(Brief descriptive captions)

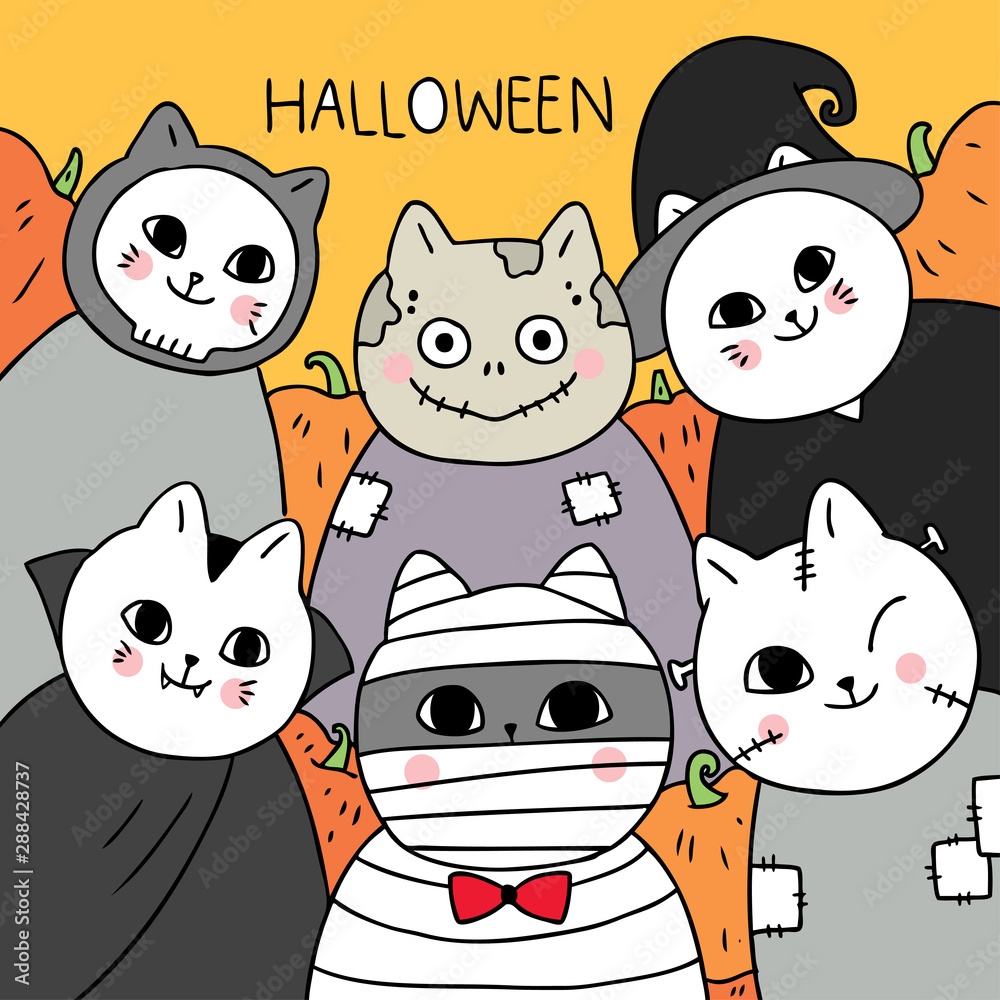 Cartoon cute Halloween, Mummy and vampire and zombie and ghost cat vector.  Stock Vector | Adobe Stock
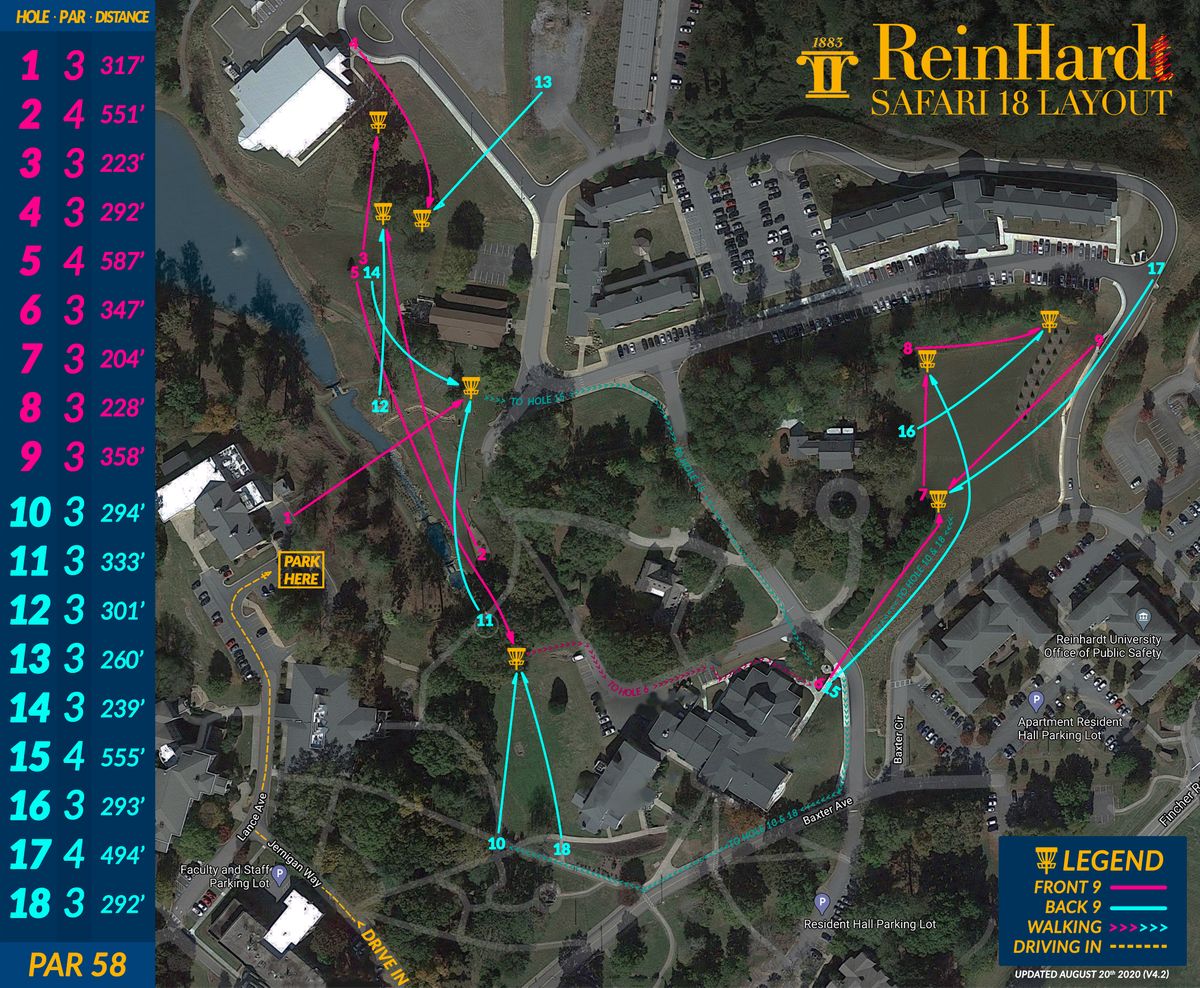Reinhardt University Waleska, GA UDisc Disc Golf Course Directory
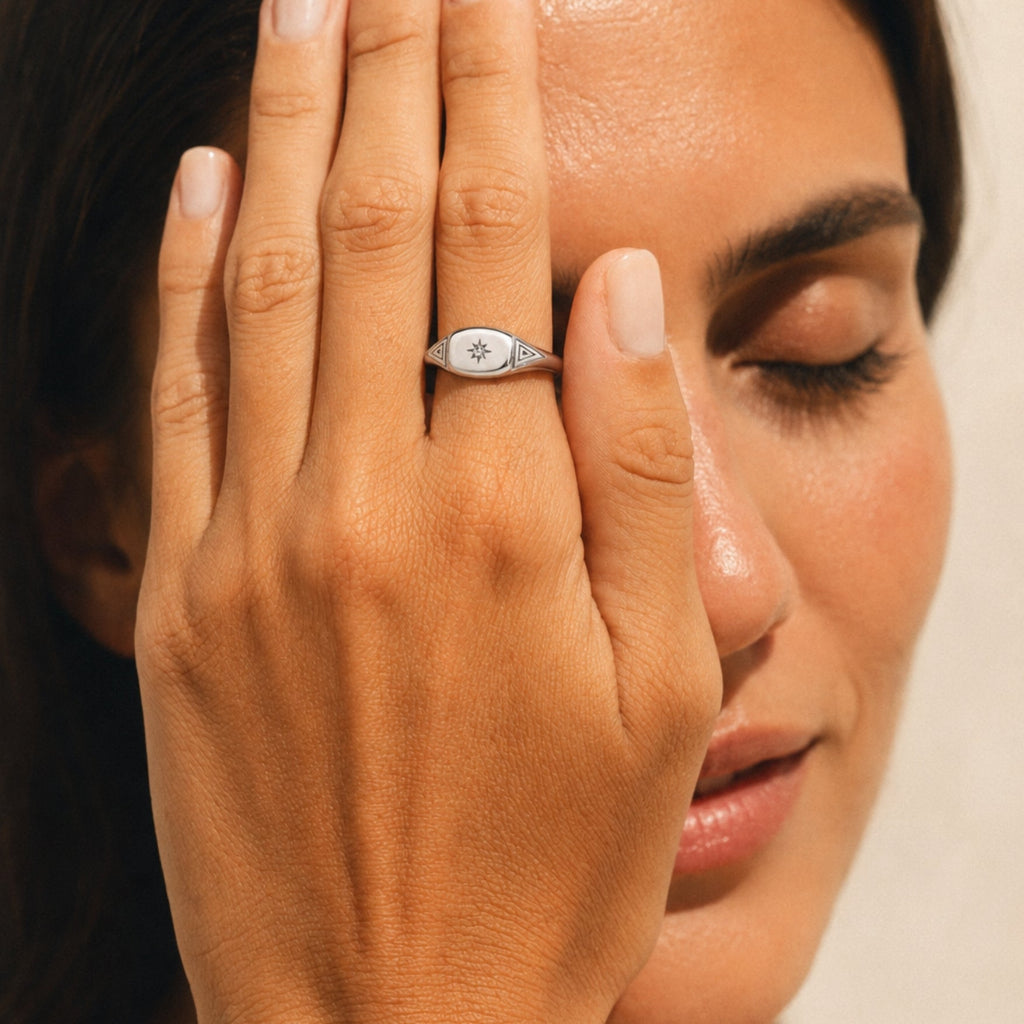18K Gold Plated Starlight Heirloom Signet Ring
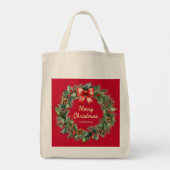 Feestelijke Kerstkrans Elegant Rood Gepersonalisee Tote Bag (Achterkant)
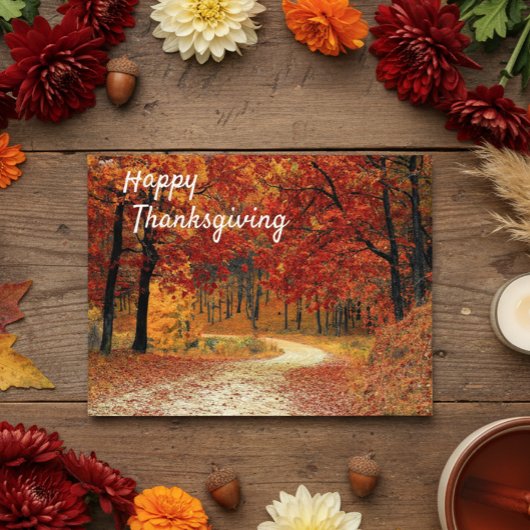 Prettig Thanksgiving Herfst Landschap Scene Fall Briefkaart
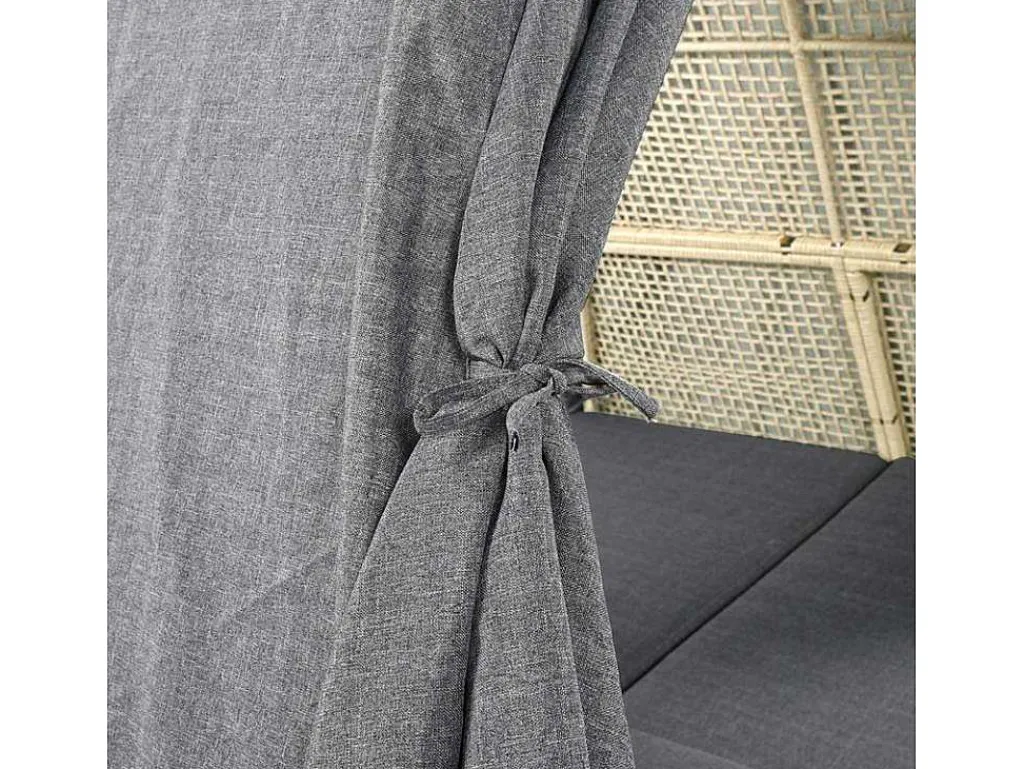 Tuinbed - Rotan Tent Voor 2 Personen - Met Gordijn En Kussens - Beige-ModernLuxe Online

- **What to do**:
The required output is every line from the one containing "18K Gold Plated" through the last line of the records, inclusive, reproduced exactly and without pictures.

- **Exercise result**:
18K Gold Plated Starlight Heirloom Signet Ring
 Feestelijke Kerstkrans Elegant Rood Gepersonalisee Tote Bag (Achterkant)
 Prettig Thanksgiving Herfst Landschap Scene Fall Briefkaart
 Tuinbed - Rotan Tent Voor 2 Personen - Met Gordijn En Kussens - Beige-ModernLuxe Online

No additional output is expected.